Because no one has mentioned my two favorite recordings of Beethoven’s 9th, I’ll offer my 2 cents. 

My requirements of a recording are a performance that engages me, and good audio quality. The Adagio is my favorite movement – so that weighs heavily in my evaluation. 

My order of preference:

Leibowitz / Royal Philharmonic Orchestra / 1961 / Chesky CD (ADD). This is my favorite balance between performance and audio quality. I think that this performance flows beautifully. This is my favorite Adagio – 12:28 - but it doesn’t sound hurried to me. I’m not a musician, so I don’t know how to describe the performance – perhaps “lyrical”? The sound quality of the Chesky Records CD is good enough to not interfere with the music. 

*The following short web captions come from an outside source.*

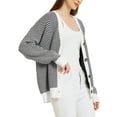 thumbnail image 4 of INSPIRE CHIC Women's Striped Cardigan Sweaters Open Front Button Down V Neck Cardigans, 4 of 5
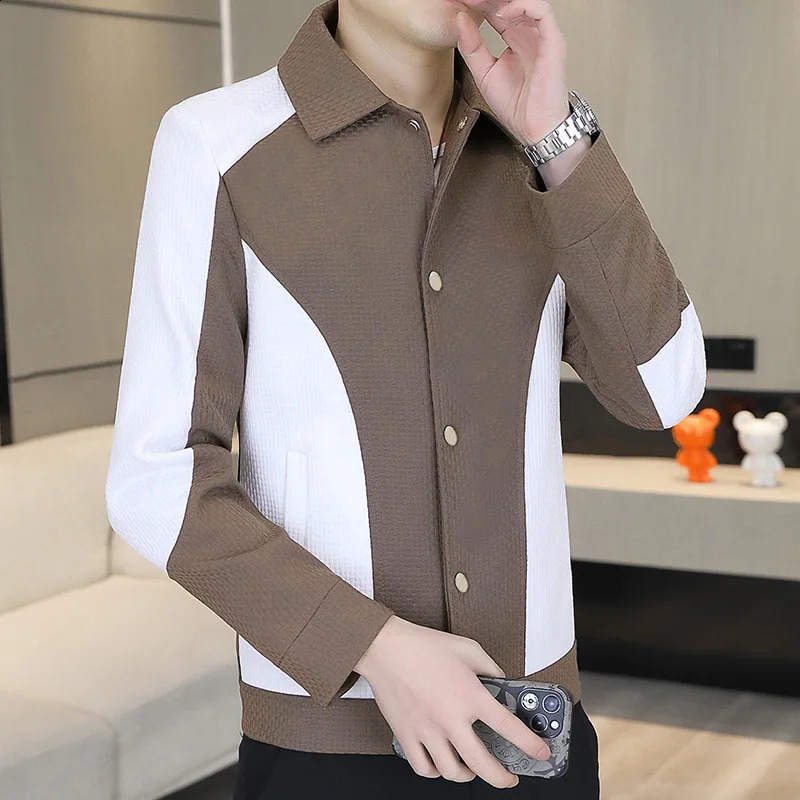 spring and autumn mens boutique handsome casual color matching lapel jacket youth fashion trend coat top 250317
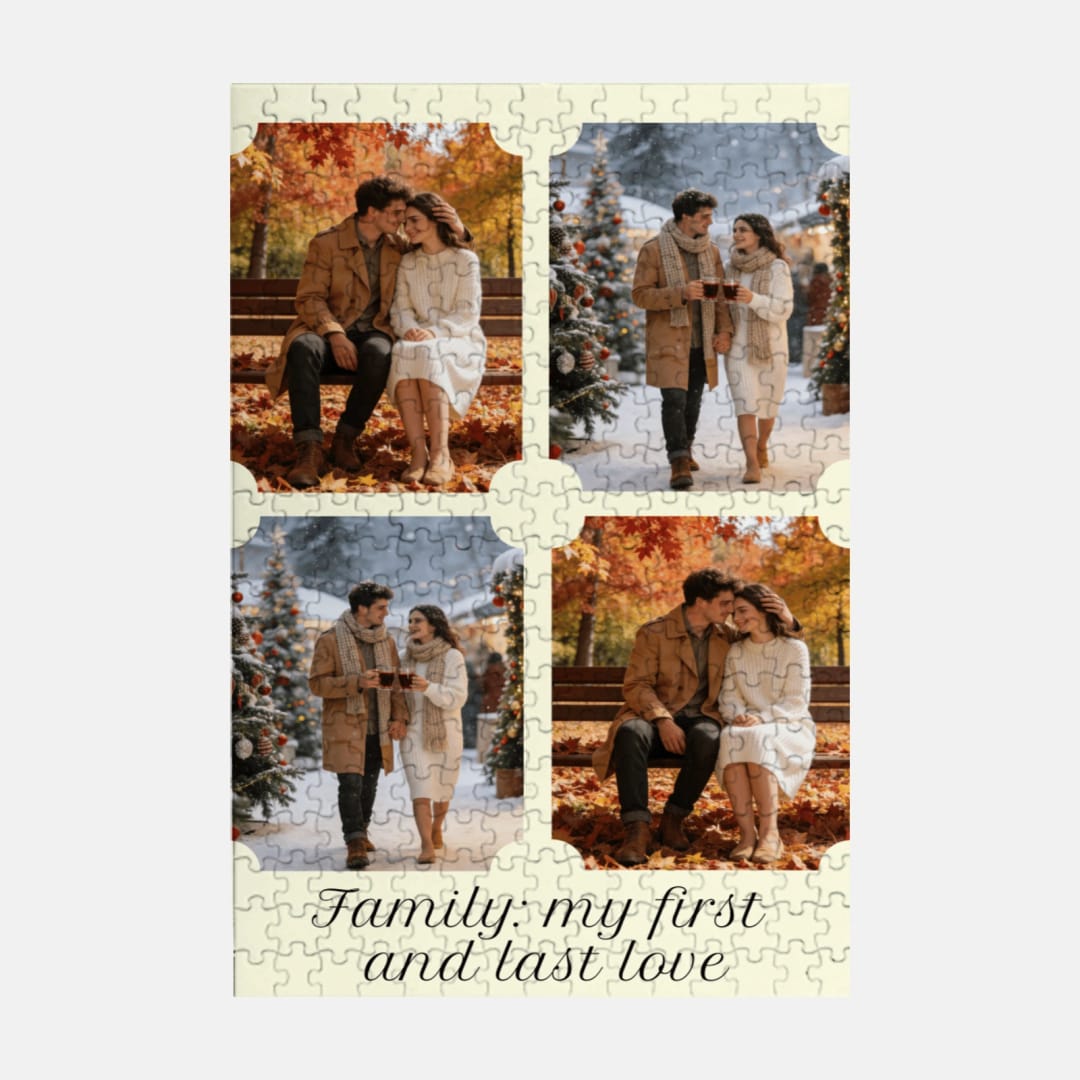 Custom Photo Puzzle – Personalized Jigsaw Puzzle in Wooden or Cardboard Material, Custom Picture Puzzle Gift for Family, Couples, Kids & Holidays - 1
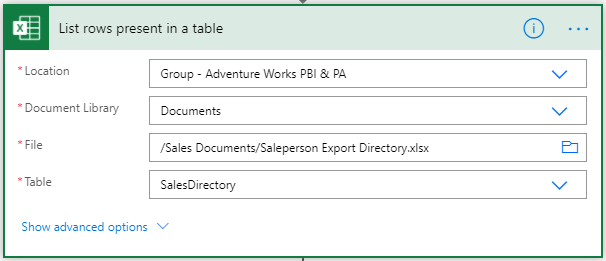 Select the Excel Online file and name of the table.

Abbado / Berlin Philharmonic / 2002 / DG 24 bit 96 kHz FLAC file. I enjoy this performance, and it has the best audio quality of my recordings, except that the final movement is broken into 2 files and there is a noticeable audio dropout. Adagio: 12:48.

Others:

In a special category: Furtwangler / Philharmonia Orchestra – Lucerne / 1954 / Tahra SACD – mastering 24 bit 192 kHz. Here’s a slow interpretation that to me is interesting. Adagio: 19:41 – and simply beautiful. Surprisingly decent sound quality for a 1954 live recording – not up to modern audio standards – but good enough to enjoy the performance. Worth owning IMHO, as an alternative performance. (I’m listening to this recording while I write this.) 

Solti / Chicago Symphony / 1972 / Penguin Classics CD (ADD). This in my opinion is an example of a slower performance that doesn’t sound ponderous. I enjoy it. Adagio: 19:46 – a beautiful slow performance. Sound quality is good enough to not interfere with enjoying the performance. 

Muti / Philadelphia / 1988 / Seraphim Classics CD (DDD). If I recall correctly this was a low priced CD. Enjoyable performance and acceptable audio quality. Adagio: 16:04.

On LP, I have Karl Bohm / DG / 1972. I seldom listen to these LPs – largely because of the inconvenience of LPs. As I recall the Adagio is good.

In my collection, last, and least, is Karajan / Berliner Philharmoniker / 1962 / DG SACD (ADD). Ponderous, least emotionally engaging performance. Adagio: 16:26. Worst sound quality of my modern (i.e., post 1960) recordings. I never listen to this recording.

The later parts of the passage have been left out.